On March 5, 2016, the Company shareholders voted in favor of an amendment to its Articles of Incorporation to increase the total number of shares of authorized capital stock to 800,000,000 shares consisting of (i) 750,000,000 shares of common stock and (ii) 50,000,000 shares of preferred stock from 220,000,000 shares consisting of (i) 200,000,000 shares of common stock and (ii) 20,000,000 shares of preferred stock.
Effective March 8, 2018, we conducted a reverse split of our common stock at a ratio of 1 for 150. All share and per share information in the accompanying consolidated financial statements and footnotes has been retroactively restated to reflect the reverse split.

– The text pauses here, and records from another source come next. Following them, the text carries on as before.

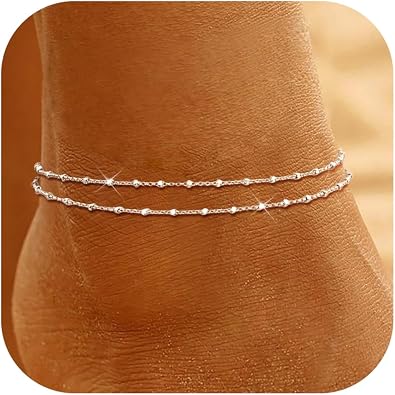 LOYALLOOK Gold/Silver Ankle Bracelets for Women Non Tarnish Waterproof
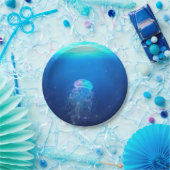 Blauwe kwal zwemt in mythe oceaan papieren bordje (Feest)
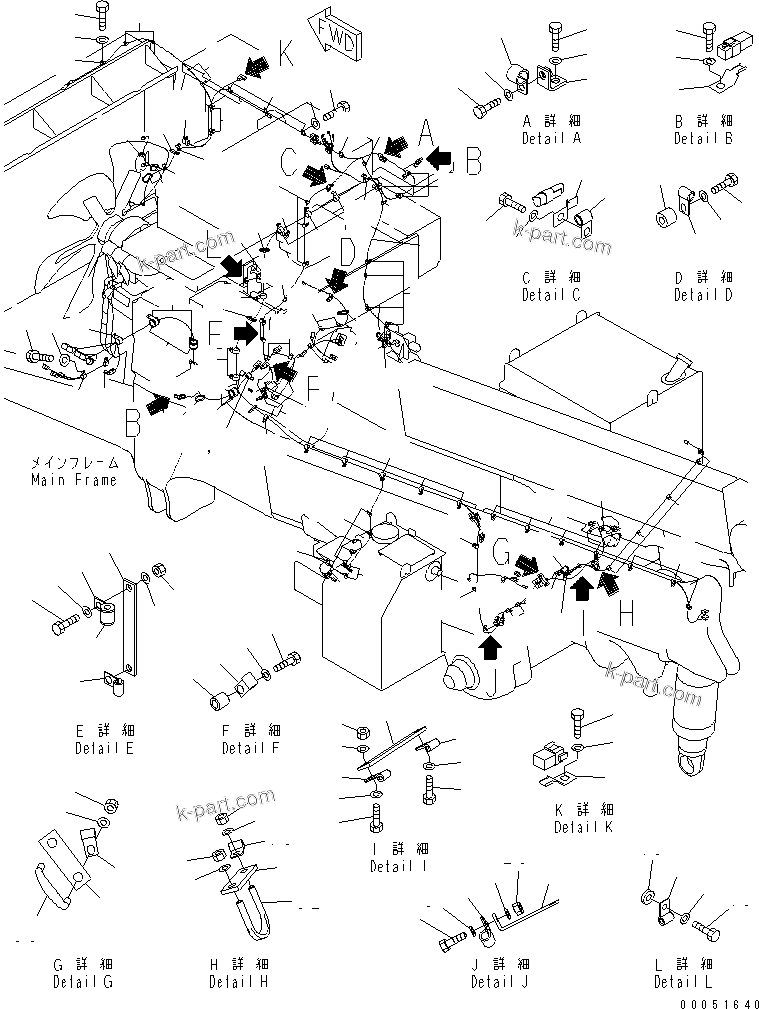 Komatsu parts book diagram for HD785-7 S/N 7001-8172: ELECTRICAL SYSTEM (MAIN HARNESS)(#7001-7168)
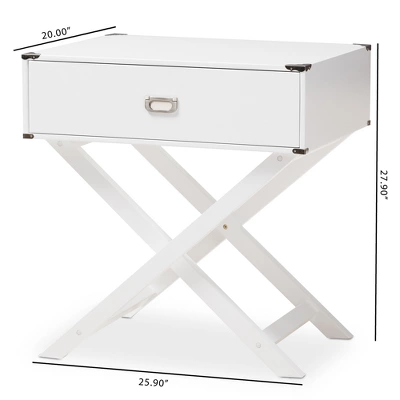 Curtice 1 Drawer Wooden Nightstand White - Baxton Studio 9 Curtice 1 Drawer Wooden Nightstand White - Baxton Studio - Image 7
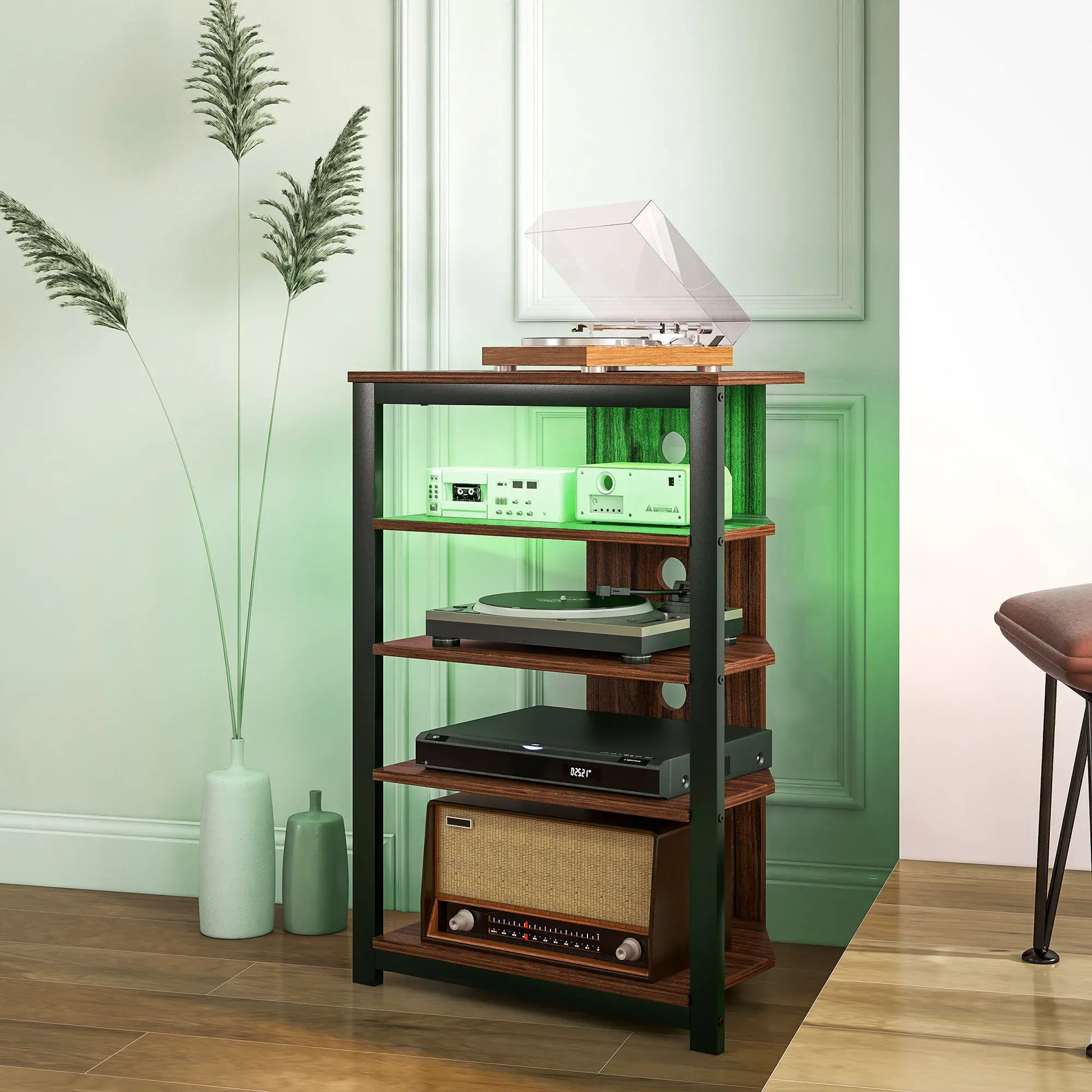 TV Stand for 29" TVs, 4-Tier Storage Shelves, LED Lights TV Stands at Gallery Canada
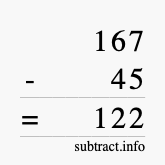 Calculate 167 minus 45 using long subtraction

On July 24, 2019, the Company filed a Certificate of Change (the “Certificate of Change”) with the Nevada Secretary of State. The Certificate of Change provides for (i) a 1-for-15 reverse split (the “Reverse Split”) of the Company’s common stock, $0.0001 par value per share, and the Company’s preferred stock, $0.0001 par value per share, (ii) a reduction in the number of authorized shares of common stock in direct proportion to the Reverse Split (i.e. from 750,000,000 shares to 50,000,000 shares), and (iii) a reduction in the number of authorized shares of preferred stock in direct proportion to the Reverse Split (i.e. from 50,000,000 shares to 3,333,333 shares). No fractional shares will be issued in connection with the Reverse Split. Stockholders who otherwise would be entitled to receive fractional shares of common stock or preferred stock, as the case may be, will have the number of post-Reverse Split shares to which they are entitled rounded up to the nearest whole number of shares. No stockholders will receive cash in lieu of fractional shares. The Reverse Split was approved by FINRA on August 19, 2019.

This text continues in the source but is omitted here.